**Work item:** Output the entries as they appear, skipping images.

Records drawn from a dataset:
◇ ◇ ◇
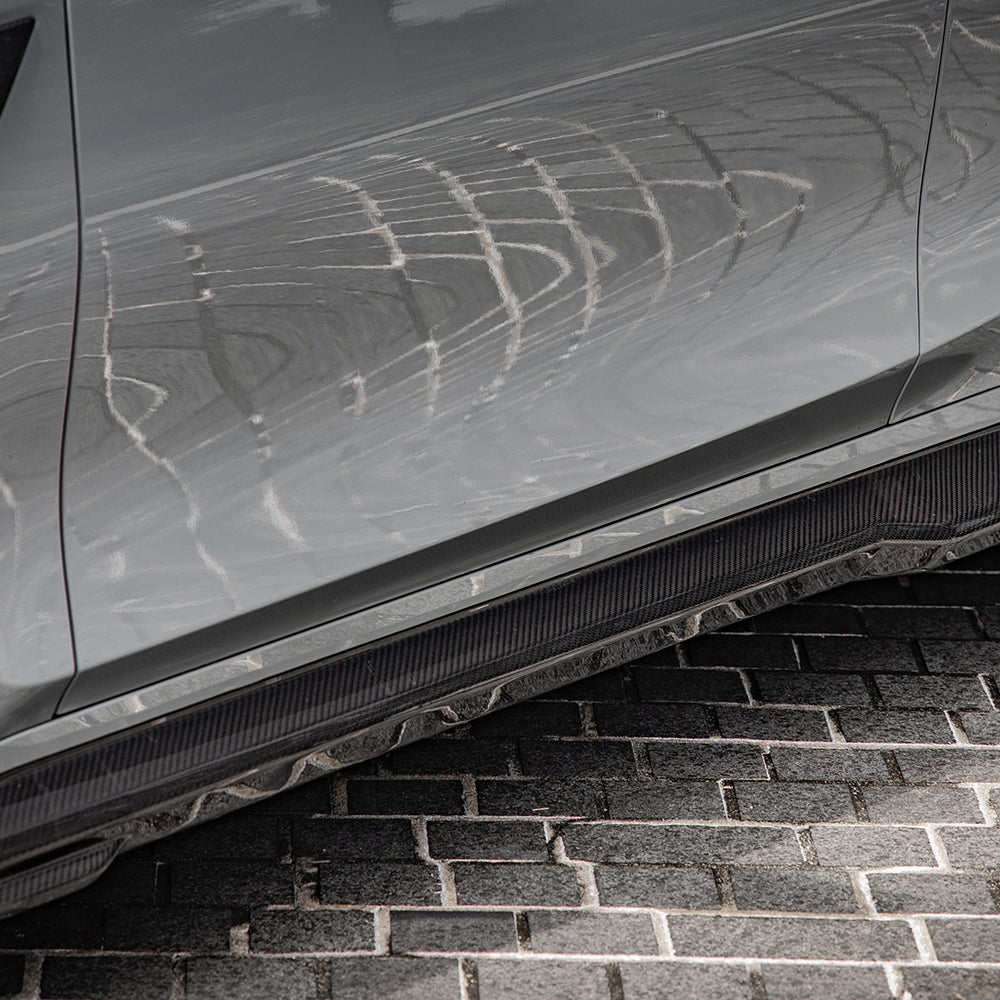 SOOQOO BMW M3 G80 SQ Style Carbon Fiber Side Skirt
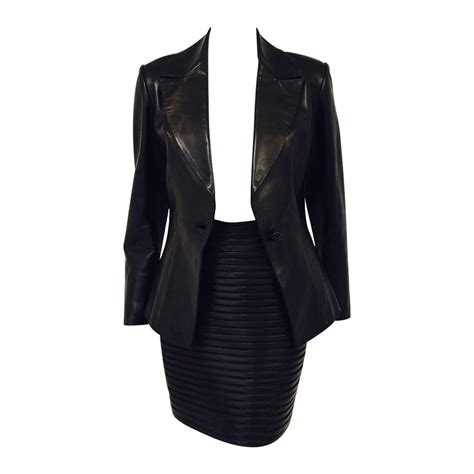 Jitrois Stretch Leather Skirt Suit At 1stdibs Jitrois Leather Skirt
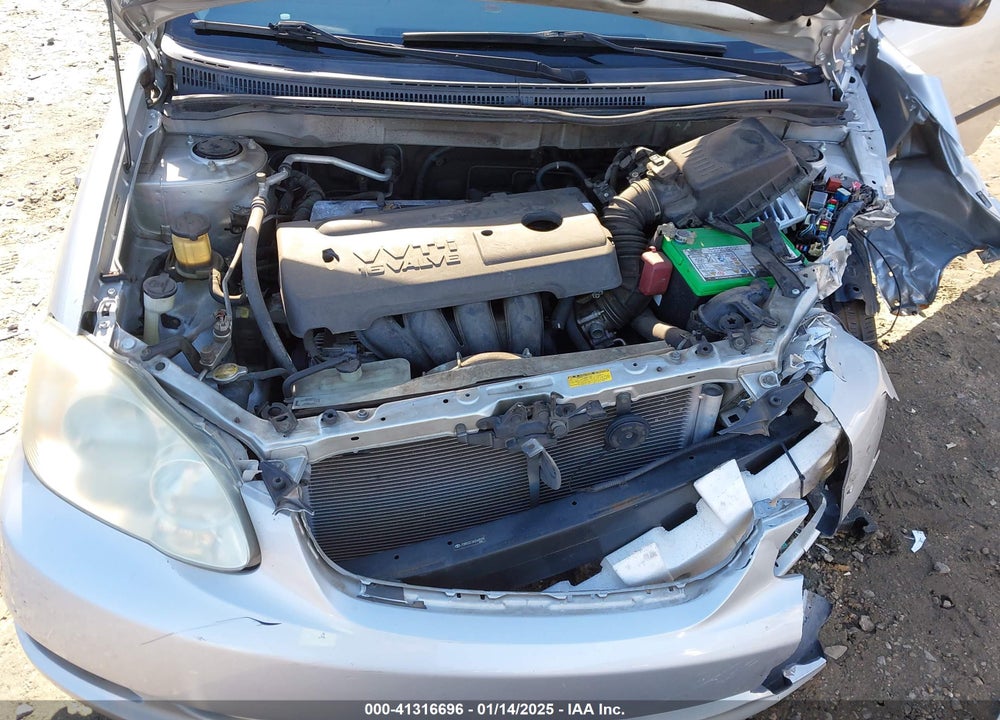 2006 TOYOTA COROLLA VIN: JTDBR32E360068598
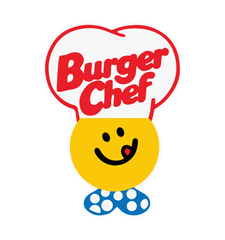 Burger Chef Sticker Vintage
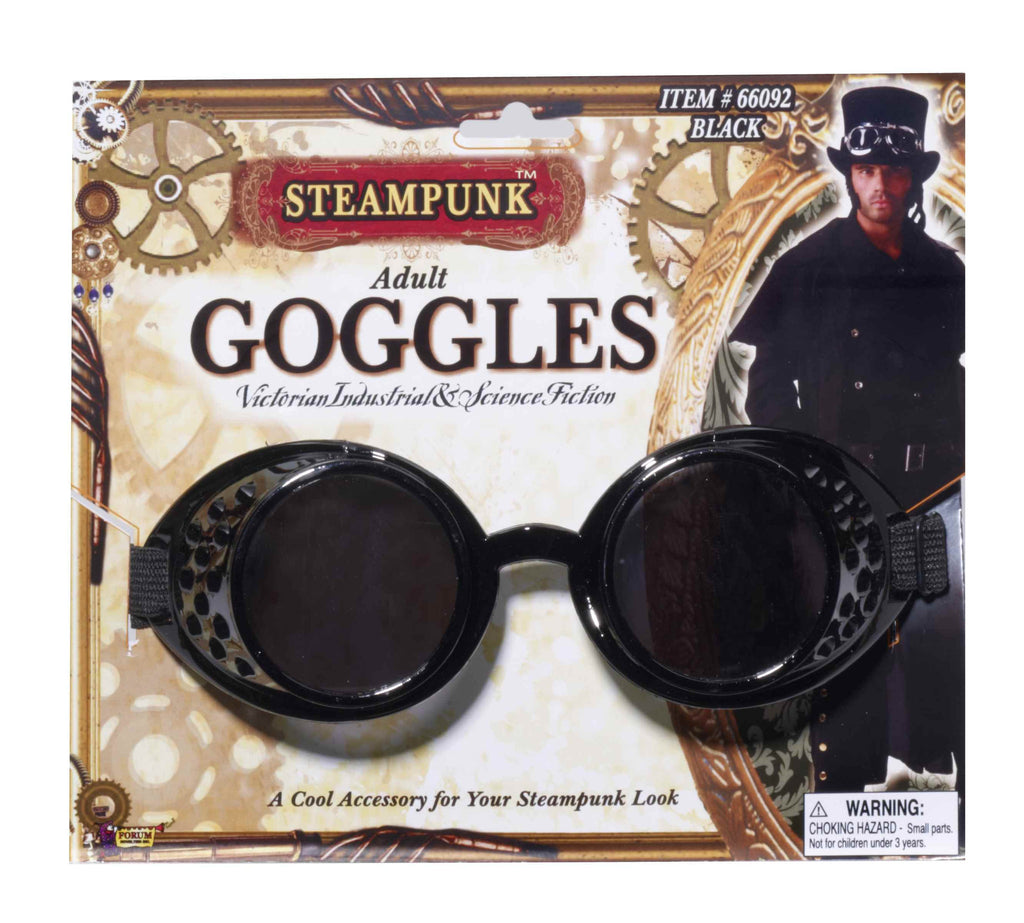 Steampunk Costume Goggles Black - Rubies Costumes & Accessories - HalloweenCostumes4U.com - Accessories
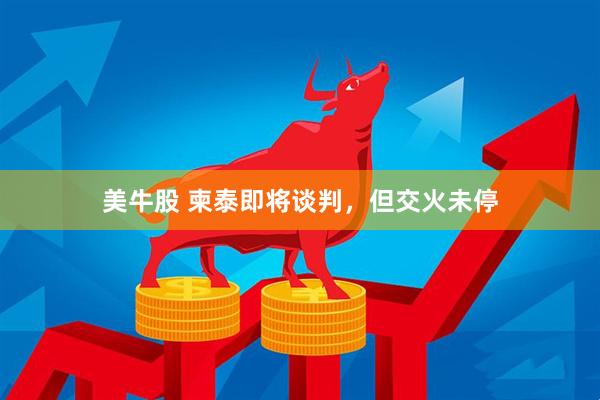 美牛股 柬泰即将谈判，但交火未停
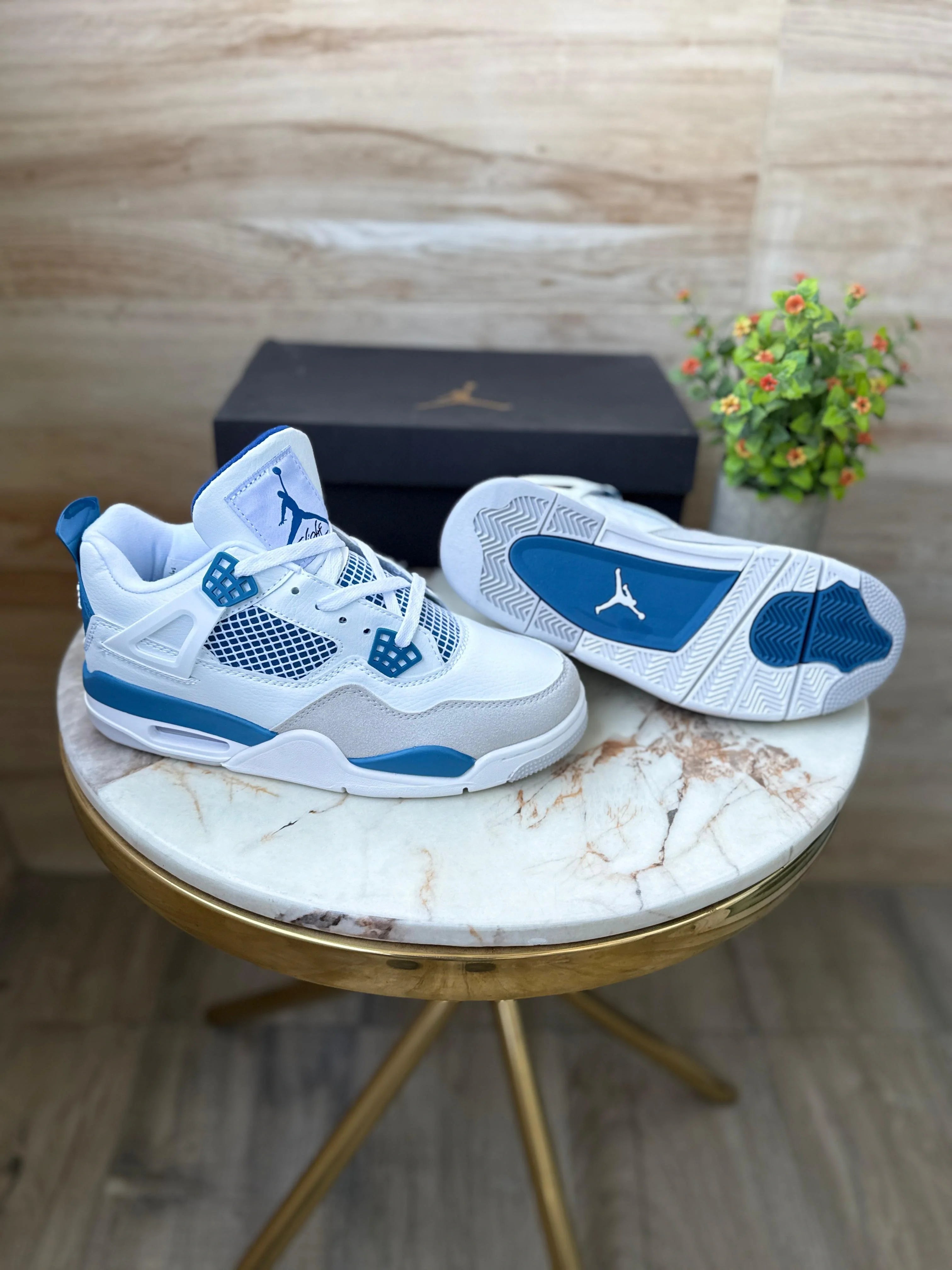 Air Jordan Retro 4 Military Blue Sneakers for Men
◇ ◇ ◇
**Your solution:**
 SOOQOO BMW M3 G80 SQ Style Carbon Fiber Side Skirt
 Jitrois Stretch Leather Skirt Suit At 1stdibs Jitrois Leather Skirt
 2006 TOYOTA COROLLA VIN: JTDBR32E360068598
 Burger Chef Sticker Vintage
 Steampunk Costume Goggles Black - Rubies Costumes & Accessories - HalloweenCostumes4U.com - Accessories
 美牛股 柬泰即将谈判，但交火未停
 Air Jordan Retro 4 Military Blue Sneakers for Men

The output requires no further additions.